Merged DataFrame shape: (2082420, 10)
Total models: 46


In [10]:
# normalise answer option sum to one
BARRAT_data["prob_1"] = np.exp(BARRAT_data["1"])/(np.exp(BARRAT_data["1"]) + np.exp(BARRAT_data["2"]) + np.exp(BARRAT_data["3"]) + np.exp(BARRAT_data["4"]))
BARRAT_data["prob_2"] = np.exp(BARRAT_data["2"])/(np.exp(BARRAT_data["1"]) + np.exp(BARRAT_data["2"]) + np.exp(BARRAT_data["3"]) + np.exp(BARRAT_data["4"]))
BARRAT_data["prob_3"] = np.exp(BARRAT_data["3"])/(np.exp(BARRAT_data["1"]) + np.exp(BARRAT_data["2"]) + np.exp(BARRAT_data["3"]) + np.exp(BARRAT_data["4"]))
BARRAT_data["prob_4"] = np.exp(BARRAT_data["4"])/(np.exp(BARRAT_data["1"]) + np.exp(BARRAT_data["2"]) + np.exp(BARRAT_data["3"]) + np.exp(BARRAT_data["4"]))


In [11]:
# filter out probability LLM assigned to real item answer 
BARRAT_data=filter_pred_prob(BARRAT_data)

In [12]:
# # flip back human answers where they were flipped
# mask = (BARRAT_data["flipped"] == True)
# BARRAT_data.loc[mask, "human_number"] = 5 - BARRAT_data.loc[mask, "human_number"]


In [13]:
# # reverse human answers (again) where the items where reversed phrased

# # add whether item was reverse coded
# reverse_coded = {
#     1: True, 2: False, 3: False,  4: False, 5: False,  6: False,  7: True,  8: True,  9: True,  10: True,
#     11: False, 12: True, 13: True,  14: False, 15: True,  16: False,  17: False,  18: False,  19: False,  20: True,
#     21: False, 22: False, 23: False,  24: False, 25: False,  26: False,  27: False,  28: False,  29: True,  30: True
#     }

# # Apply mapping row-wise based on item number
# BARRAT_data["reverse_coded"] = BARRAT_data["item"].map(reverse_coded)

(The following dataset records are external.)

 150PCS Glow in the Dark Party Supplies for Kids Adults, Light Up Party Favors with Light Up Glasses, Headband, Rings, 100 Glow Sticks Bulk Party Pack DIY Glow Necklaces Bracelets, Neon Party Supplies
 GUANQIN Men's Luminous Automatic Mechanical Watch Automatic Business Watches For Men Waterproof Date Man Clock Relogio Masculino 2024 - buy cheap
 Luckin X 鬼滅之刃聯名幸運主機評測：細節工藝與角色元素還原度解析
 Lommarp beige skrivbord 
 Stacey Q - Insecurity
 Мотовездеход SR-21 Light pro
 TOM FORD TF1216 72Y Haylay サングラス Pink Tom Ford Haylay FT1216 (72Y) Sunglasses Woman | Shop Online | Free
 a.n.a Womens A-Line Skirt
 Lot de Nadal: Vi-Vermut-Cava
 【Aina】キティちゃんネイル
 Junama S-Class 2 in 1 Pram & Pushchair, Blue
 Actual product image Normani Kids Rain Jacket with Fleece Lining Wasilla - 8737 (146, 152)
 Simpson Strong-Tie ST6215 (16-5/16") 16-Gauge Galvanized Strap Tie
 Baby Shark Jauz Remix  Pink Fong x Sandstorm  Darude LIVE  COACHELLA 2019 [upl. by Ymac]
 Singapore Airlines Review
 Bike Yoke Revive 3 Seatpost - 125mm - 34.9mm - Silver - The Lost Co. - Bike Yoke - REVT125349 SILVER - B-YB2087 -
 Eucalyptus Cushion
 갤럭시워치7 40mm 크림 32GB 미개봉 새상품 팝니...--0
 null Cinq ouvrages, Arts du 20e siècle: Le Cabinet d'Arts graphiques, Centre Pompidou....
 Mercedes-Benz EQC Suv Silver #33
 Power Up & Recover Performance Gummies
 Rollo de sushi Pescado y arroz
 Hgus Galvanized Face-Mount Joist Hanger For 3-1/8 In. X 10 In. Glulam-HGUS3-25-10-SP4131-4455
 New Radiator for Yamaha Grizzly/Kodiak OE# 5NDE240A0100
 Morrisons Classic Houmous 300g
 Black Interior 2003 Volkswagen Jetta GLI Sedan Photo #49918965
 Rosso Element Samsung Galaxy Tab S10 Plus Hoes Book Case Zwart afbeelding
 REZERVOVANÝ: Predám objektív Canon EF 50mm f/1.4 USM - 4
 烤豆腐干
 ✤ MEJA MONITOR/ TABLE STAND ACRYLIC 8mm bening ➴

# # flip back answers that where reverse coded
# mask = (BARRAT_data["reverse_coded"] == True)
# BARRAT_data.loc[mask, "human_number"] = 5 - BARRAT_data.loc[mask, "human_number"]
# # drop reverse-coded column (not needed in final data)
# BARRAT_data = BARRAT_data.drop(columns=["reverse_coded"])


In [14]:
# produce df with one value per model per item 
model_item_scores_BARRAT = get_LLM_value_per_item(BARRAT_data)
model_item_scores_BARRAT_top_n = get_LLM_value_per_item_top_n(BARRAT_data)

# Merge them on the grouping keys
model_item_scores_BARRAT = model_item_scores_BARRAT.merge(
    model_item_scores_BARRAT_top_n,
    on=["experiment", "model", "item"],
    how="inner" 
)

In [15]:
# Adding task specific categories to save in all data

# add item categories
item_to_category = {
    1: "BISn", 2: "BISm", 3: "BISm",  4: "BISm", 5: "BISa",  6: "BISa",  7: "BISn",  8: "BISn",  9: "BISa",  10: "BISn",
    11: "BISa", 12: "BISn", 13: "BISn",  14: "BISn", 15: "BISn",  16: "BISm",  17: "BISm",  18: "BISn",  19: "BISm",  20: "BISa",
    21: "BISm", 22: "BISm", 23: "BISm",  24: "BISa", 25: "BISm",  26: "BISa",  27: "BISn",  28: "BISa",  29: "BISn",  30: "BISm"
}

model_item_scores_BARRAT["category"] = model_item_scores_BARRAT["item"].map(item_to_category)

In [16]:
# merge dfs
all_data = pd.concat([model_item_scores_AUDIT, model_item_scores_BARRAT], ignore_index=True)


## CARE TASK

In [17]:
# load data
CARE_data = load_dataframes(task_name="CARE")

Merged DataFrame shape: (1320614, 106)
Total models: 46


In [18]:
# get probabilities out of log-probabilities

cols = [str(i) for i in range(0, 100)]
# Compute normalized probabilities
exp_vals = np.exp(CARE_data[cols])
prob_vals = exp_vals.div(exp_vals.sum(axis=1), axis=0)

# Rename columns all at once
prob_vals.columns = [f"prob_{i}" for i in range(0, 100)]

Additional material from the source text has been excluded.